- League: NCAA Division I FBS (Football Bowl Subdivision)
- Sport: Football
- Duration: September 2015 to January 2016
- Teams: 14

2016 NFL Draft
- Top draft pick: Jalen Ramsey (Florida State)
- Picked by: Jacksonville Jaguars, 5th overall

Regular season
- Atlantic champions: Clemson Tigers
- Coastal champions: North Carolina Tar Heels

ACC Championship Game
- Champions: Clemson Tigers
- Finals MVP: Deshaun Watson

ACC seasons
- ← 20142016 →

= 2015 Atlantic Coast Conference football season =

The 2015 Atlantic Coast Conference football season was the 63rd season of college football play for the Atlantic Coast Conference (ACC). It was played from September 2015 to January 2016. The Atlantic Coast Conference consisted of 14 members in two divisions. The Atlantic Division consisted of Boston College, Clemson, Florida State, Louisville, North Carolina State, Syracuse, and Wake Forest. The Coastal Division consisted of Duke, Georgia Tech, Miami, North Carolina, Pittsburgh, Virginia, and Virginia Tech. The division champions, Clemson and North Carolina, met on December 5 in the 2015 ACC Championship Game, in Charlotte, North Carolina at Bank of America Stadium.

==Preseason==

===Preseason Poll===
The 2015 ACC Preseason Poll was announced at the ACC Football Kickoff meetings in Pinehurst, North Carolina on July 19–21. Georgia Tech was voted to win Coastal division while Clemson was voted to win the Atlantic division and the conference. Deshaun Watson of Clemson was voted the Preseason ACC Player of the Year.
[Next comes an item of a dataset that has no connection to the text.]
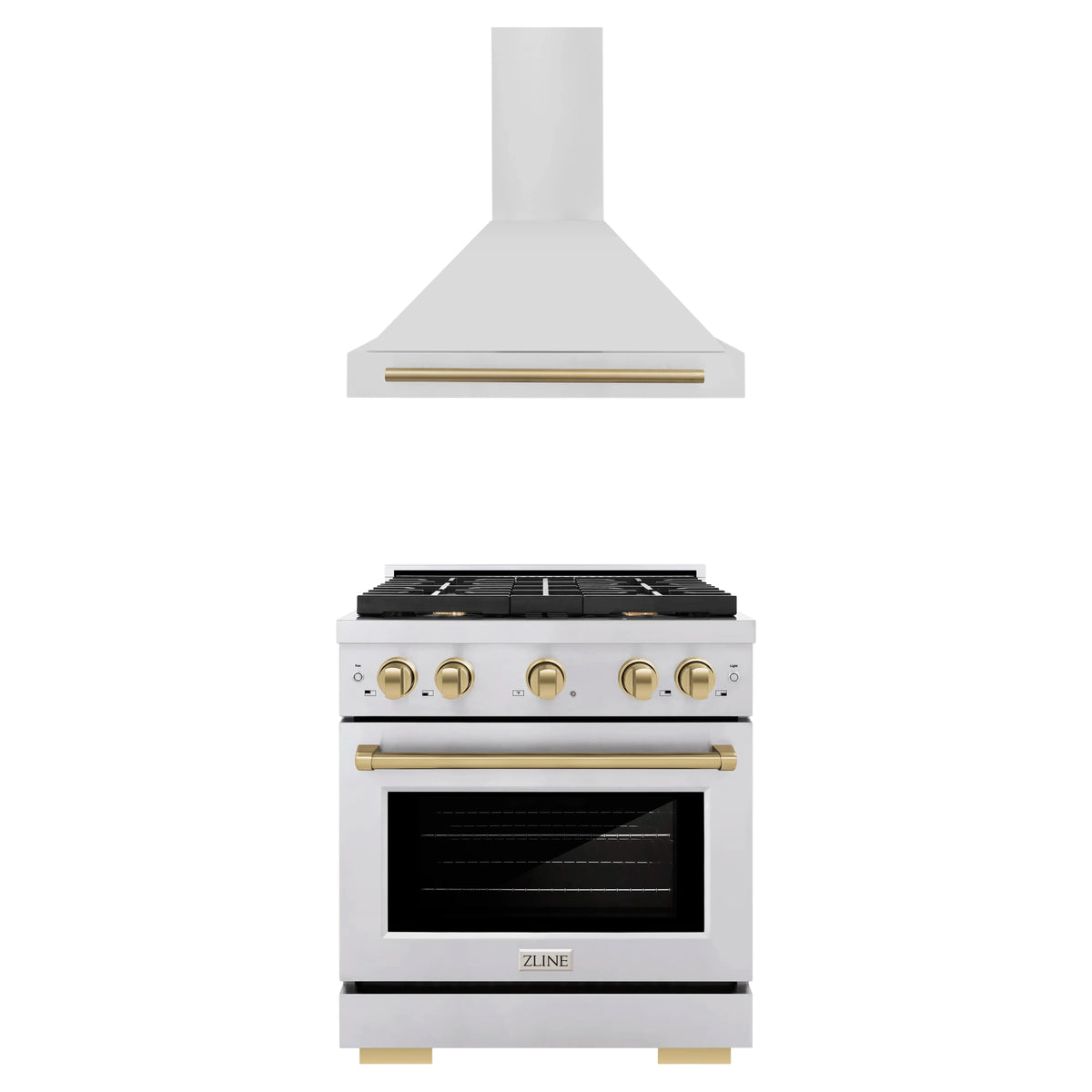 ZLINE Autograph Edition 2-Piece Appliance Package - 30-Inch Paramount Dual Fuel Range & Wall Mount Range Hood in Stainless Steel with Champagne Bronze Accents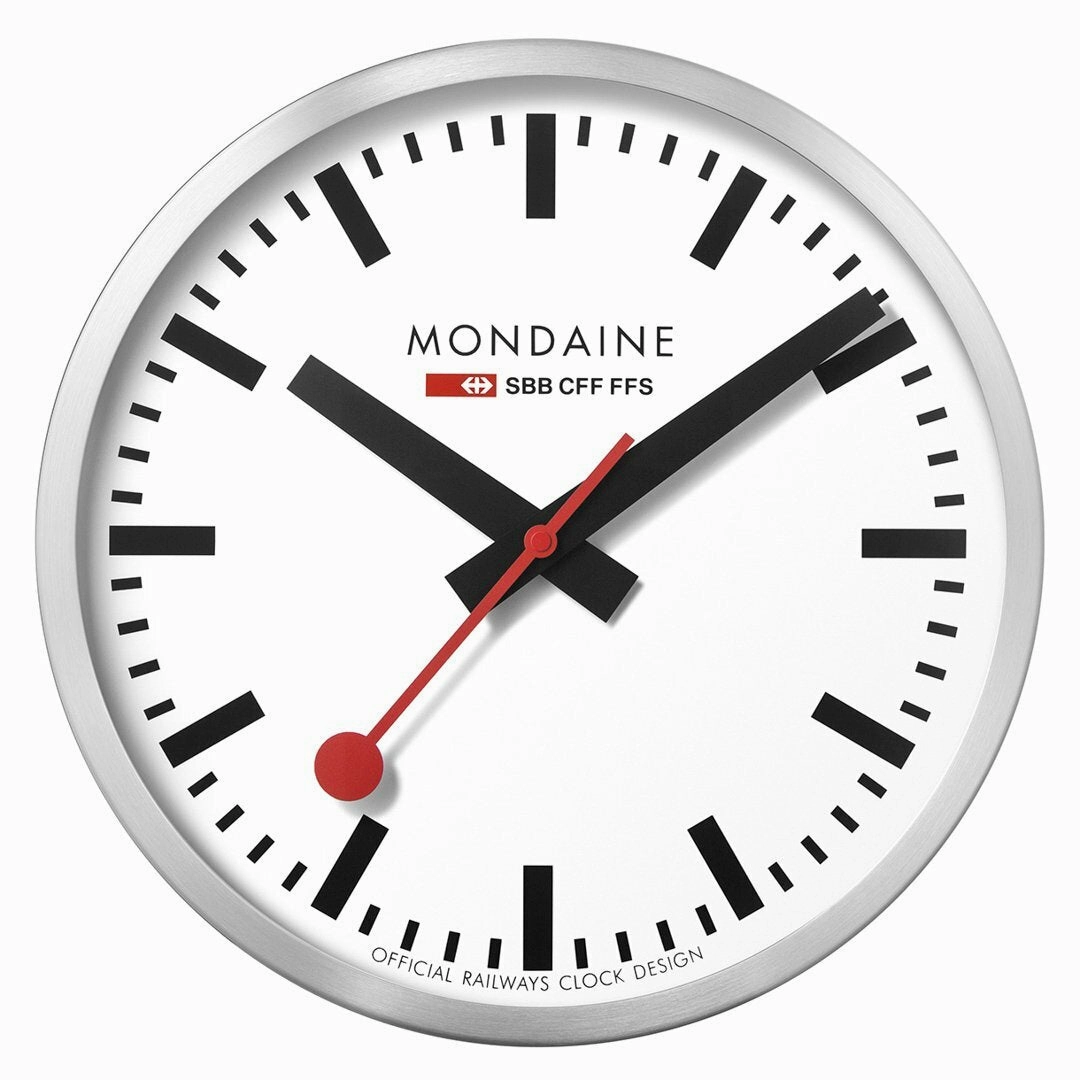 Mondaine Large Swiss Railway Classic Wall Clock with Brushed Aluminium Case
====Atlantic Division poll====
1. Clemson – 1,032 (101 first place votes)
2. Florida State – 992 (56)
3. Louisville – 746 (1)
4. North Carolina State - 673
5. Boston College – 473
6. Syracuse – 291
7. Wake Forest – 217

====Coastal Division poll====
1. Georgia Tech – 991 (96)
2. Virginia Tech – 841 (44)
3. Miami – 632 (7)
4. Duke – 615 (4)
5. North Carolina – 590 (4)
6. Pittsburgh - 535 (3)
7. Virginia – 220

====Predicted ACC Championship Game Winner====
1. Clemson – 84
2. Florida State – 41
3. Georgia Tech - 20
4. Virginia Tech - 7
5. North Carolina - 3
6. Miami - 2
7. NC State - 1

====Preseason ACC Player of the Year====
1. Deshaun Watson, CLEM - 69
2. James Conner, PITT - 16
3. Justin Thomas, GT - 13
4. Jalen Ramsey, FSU - 7
5. Brad Kaaya, MIA - 7
6. Marquise Williams, UNC - 6
7. Kendall Fuller, VT - 6
8. Tyler Boyd, PITT - 3
9. Jacoby Brissett, NCST - 1

===Preseason All Conference Teams===

====Offense====

| Position | Player | School |
| Wide receiver | Tyler Boyd | Pittsburgh |
| Mike Williams | Clemson |
| Artavis Scott | Clemson |
| Tight end | Bucky Hodges | Virginia Tech |
| Tackle | Roderick Johnson | Florida State |
| Adam Bisnowaty | Pittsburgh |
| Guard | Landon Turner | North Carolina |
| Eric Mac Lain | Clemson |
| Center | Matt Skura | Duke |
| Quarterback | Deshaun Watson | Clemson |
| Running back | James Conner | Pittsburgh |
| Shadrach Thornton | NC State |

====Defense====

| Position | Player | School |
| Defensive end | Dadi Lhomme Nicolas | Virginia Tech |
| Shaq Lawson | Clemson |
| Sheldon Rankins | Louisville |
| Defensive tackle | Adam Gotsis | Georgia Tech |
| Luther Maddy | Virginia Tech |
| Linebacker | Terrance Smith | Florida State |
| Brandon Chubb | Wake Forest |
| James Burgess | Louisville |
| Cornerback | Jalen Ramsey | Florida State |
| Kendall Fuller | Virginia Tech |
| Safety | Jeremy Cash | Duke |
| Quin Blanding | Virginia |

====Specialist====

| Position | Player | School |
|---|---|---|
| Placekicker | Roberto Aguayo | Florida State |
| Punter | Alex Kinal | Wake Forest |
| Specialist | Ryan Switzer | North Carolina |

==Coaches==

Only one team changed head coaches for the 2015 season. Pat Narduzzi was selected as Pittsburgh's fifth head coach since 2010 following the resignation of former coach Paul Chryst. Chryst accepted the head coaching job at Wisconsin on December 17, 2014, leaving the vacancy for Pittsburgh to fill. This will be Narduzzi's first head coaching job at the collegiate level. He has, however, been regarded as one of the best assistant coaches in college football, winning the 2013 Broyles Award. He was most recently the defensive coordinator at Michigan State.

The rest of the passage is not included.